What to work on:
Repeat exactly the lines of the material below that run from the "It has the color" line to the "Get into a car" line, including both, and do not carry over any pictures.

Supplied data:
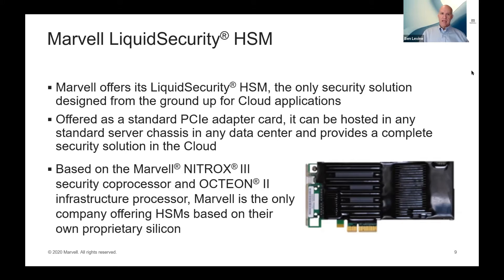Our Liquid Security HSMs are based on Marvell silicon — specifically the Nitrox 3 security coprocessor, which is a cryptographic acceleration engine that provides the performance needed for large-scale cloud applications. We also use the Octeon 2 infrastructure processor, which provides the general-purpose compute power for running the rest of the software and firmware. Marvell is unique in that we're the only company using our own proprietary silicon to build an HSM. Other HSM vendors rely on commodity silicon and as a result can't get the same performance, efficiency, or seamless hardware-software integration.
---
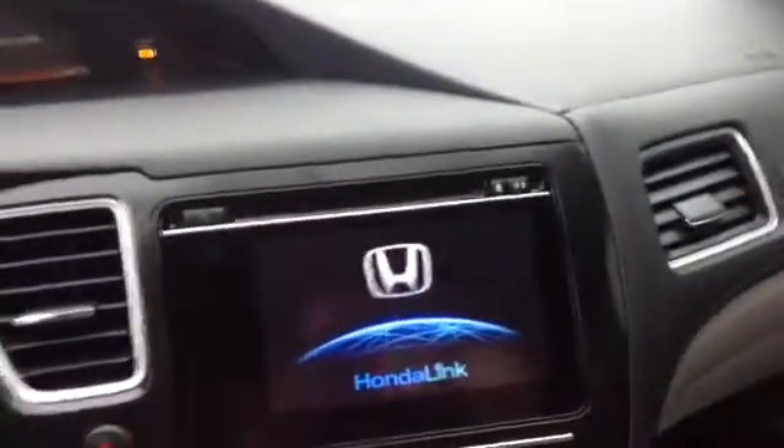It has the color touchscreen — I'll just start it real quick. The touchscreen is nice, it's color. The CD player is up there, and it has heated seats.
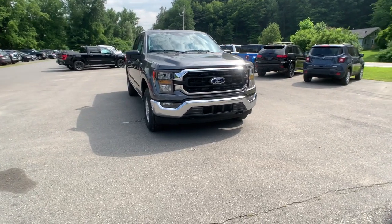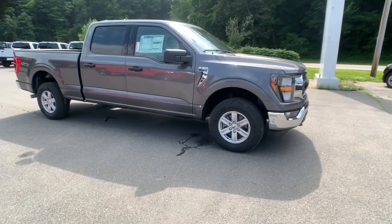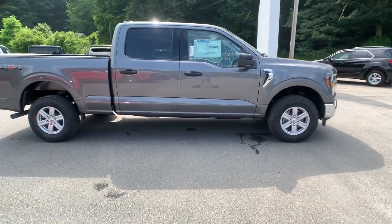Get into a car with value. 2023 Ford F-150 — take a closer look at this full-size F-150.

Problem solution:
It has the color touchscreen — I'll just start it real quick. The touchscreen is nice, it's color. The CD player is up there, and it has heated seats.
Get into a car with value. 2023 Ford F-150 — take a closer look at this full-size F-150.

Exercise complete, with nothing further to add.